Abstract
Introduction:
Hyperthyroidism-related anterior circulation ischemic events have been well documented; however, posterior circulation infarction is rarely reported, not to mention with superior mesenteric artery syndrome (SMAS), which has never been reported concurrently. We describe, to the best of our knowledge, the first case of hyperthyroidism-related cerebellar infarction accompanied with SMAS.
Patient concerns:
A 22-year-old women presented with palpitation, postprandial vomiting, and acute body weight loss. Enlarged thyroid gland was discovered in physical examination and Graves disease was diagnosed by blood test; therefore, Propylthiouracil and β-blocker were prescribed. Sudden onset conscious disturbance accompanied with apnea was noted during hospitalization.
Diagnosis:
Computed tomography (CT) revealed cerebellar infarction with severe cerebellar swelling and tonsil herniation; hence, emergent suboccipital craniotomy and bilateral tonsillectomy were performed.
Interventions:
Nevertheless, persisted poor passage of liquid diet during nasogastric tube feeding was noted after operation. CT of abdomen showed a sharp aorta-SMA angle (15°) and a short distance between aorta and SMA (6 mm) indicating a diagnosis of SMAS.
Outcomes:
After parental nutrition supplement and progressive rehabilitation program, she recovered to a modified Rankin Scale of 3.
Conclusion:
Although rarely reported, hyperthyroidism-related sympathetic hyperstimulation, vasculopathy could result in potentially deadly posterior circulation infarction. Furthermore, SMAS should be considered in the cases of hyperthyroidism with prolonged gastrointestinal symptoms even after treatment and should be treated simultaneously, since SMAS exacerbates depletion of intravascular volume. Further study to clarify the relation between hyperthyroidism and posterior circulation hemodynamic status is suggested.
Keywords: cerebellar infarction, Graves disease, hyperthyroidism, posterior circulation infarction, superior mesenteric artery syndrome
1. Introduction
Hyperthyroidism may be asymptomatic or it can present with weight loss, anxiety, increased heart rate, hyperactive bowel movement, heat intolerance, tremor, fatigue, and so on.[1] The most common cause of hyperthyroidism is Graves disease (GD) which is an autoimmune disorder in which autoantibodies to the thyroid stimulating hormone (TSH) receptor induce continuous stimulation of thyroid gland.[2] Hyperthyroidism could be associated with stroke through mechanisms including atrial fibrillation-related embolism, moyamoya syndrome (MMS), vasculopathy, and vasospasm.[2–5] Moyamoya syndrome is characterized by progressive stenosis and occlusion of bilateral or unilateral terminal portions of internal carotid artery with associated causative systemic conditions.[6–8] Despite rarely the cause of MMS, the association between GD and MMS has been well documented.[2,7–10] Several hypotheses have been postulated for hyperthyroidism-related vasculopathy including sympathetic nervous system stimulated by thyroid hormone which may cause atherosclerotic changes in vessel, and autoimmune antibodies that may cause vascular local inflammation.[2,6] A recent study by Chen et al has shown the incidence of disease progression in patients with MMS with GD was significantly higher than that in patients with moyamoya disease without GD, indicating a contributory role of GD in ischemic stroke and an association between GD and MMS.[2] Although anterior circulation vasculopathy concurrent with GD has been well reported, posterior circulation disease concurrent with GD is rare to be mentioned.[2,3,6,8]

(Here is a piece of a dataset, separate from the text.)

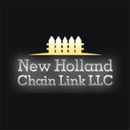 New Holland Chain Link LLC - Fence-Sales, Service & Contractors
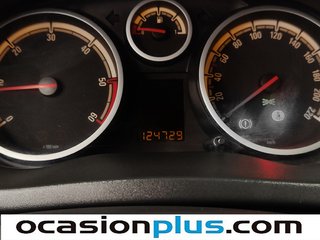 Opel Corsa 1.3 CDTi C`Mon 70 kW (95 CV)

Superior mesenteric artery syndrome (SMAS) causes proximal intestinal obstruction due to third portion or the final portion of duodenum trapped between aorta and SMA.[11,12] The most common presentations are abdominal pain, nausea, vomiting, anorexia, and weight loss.[13] Konen et al[12] have measured a normal range of aorta-SMA angle and aorta-SMA distance using computed tomographic angiography (CTA) and a decrease of both values were reported in SMAS due to decrease of mesenteric fat. Only 1 case reported the association between GD and SMAS in the literature, in which GD serve as an aggravating factor to the decrease of mesenteric fat.[14]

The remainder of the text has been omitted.